Threat groups leaking stolen databases have been widespread across the dark web landscape. One includes the WeLeak Database group observed by researchers from iZOOlogic to remain active, specifically on their Telegram channel with over 12,000 subscribers.
The WeLeak Database group has set up their Telegram channel to provide massive database dumps for the public and their subscribers, with most of the dumps making it to hot topics on threat advisories recently. According to our dark web researchers, the group’s database leaks are collected from the hacking activities of numerous cybercriminal gangs, which they consolidate as a list on their Telegram channel for the public to see.
Initial observations from our researchers tie Telegram user @GuntherMagnuson as the owner of this group. This clue was evident from several online paid advertisements linking the said user account to the WeLeak Database group.
Some of the WeLeak Database group’s leaked stolen databases are free, while most are available for premium purchases offered for their clients.
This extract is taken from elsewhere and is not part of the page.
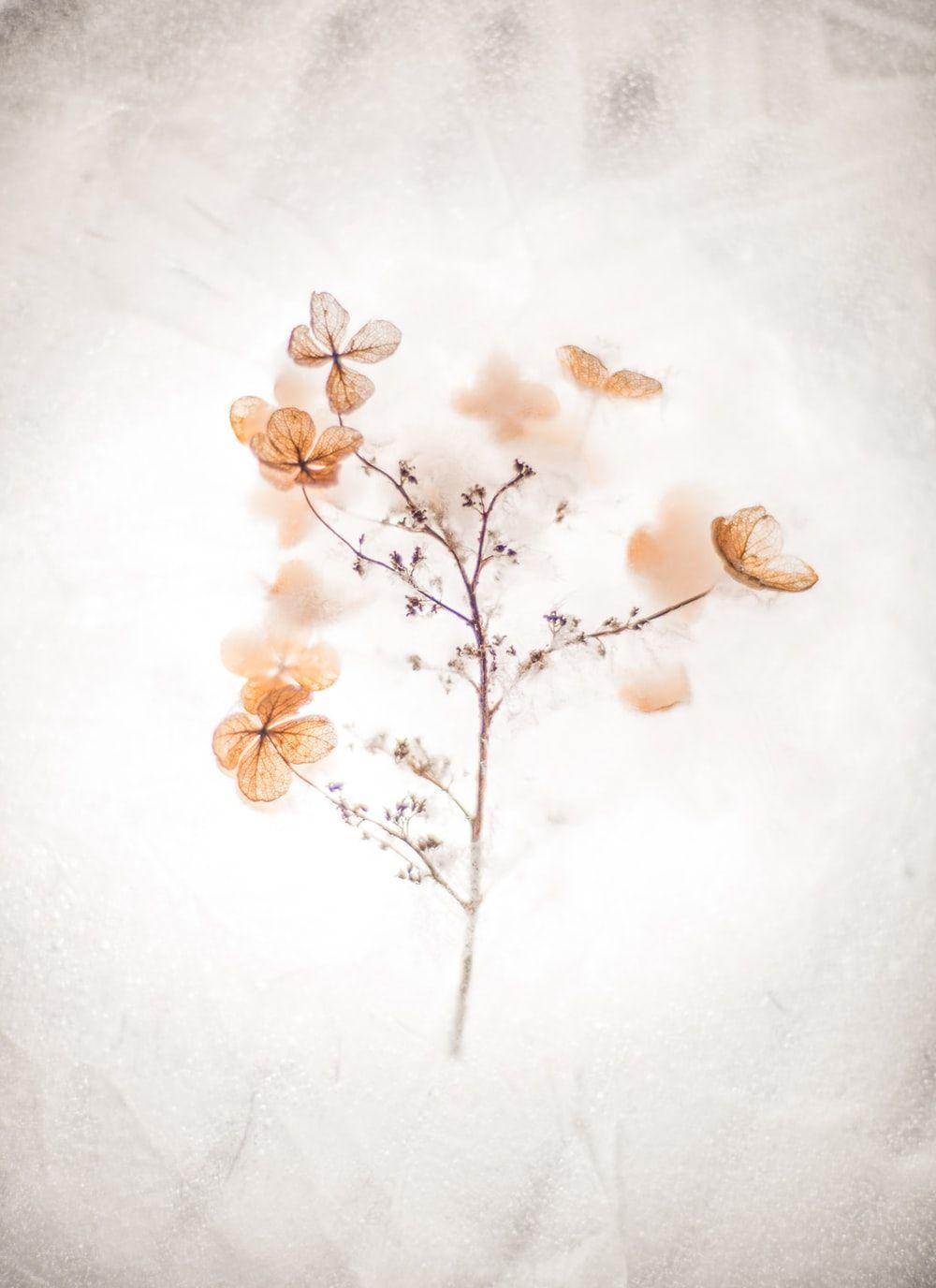 1000x1376 Floral Background Image: Download .com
Furthermore, the group releases the databases stolen from different organisations from several regions worldwide, indicating that they do not focus on targeted countries as their victims.
One of the WeLeak Database group’s data dump activities involved a domain registrar and web services provider, Epik, which transpired in September last year. The notorious Anonymous threat group had hacked into Epik’s servers to steal a huge volume of their database. Research shows that masses of Epik’s customers were included in the data dump, including vital records from WHOIS, which contained 15,003,961 unique email addresses, full names, phone numbers, addresses, passwords, and other credentials.
Our researchers will continue to probe the dark web and monitor the malicious activities of threat groups, such as the WeLeak Database. People who have been actively sharing their information online must be cautious about such threats concerning data leaks since being compromised might result in further cyberattack incidents like scams, phishing, and identity theft.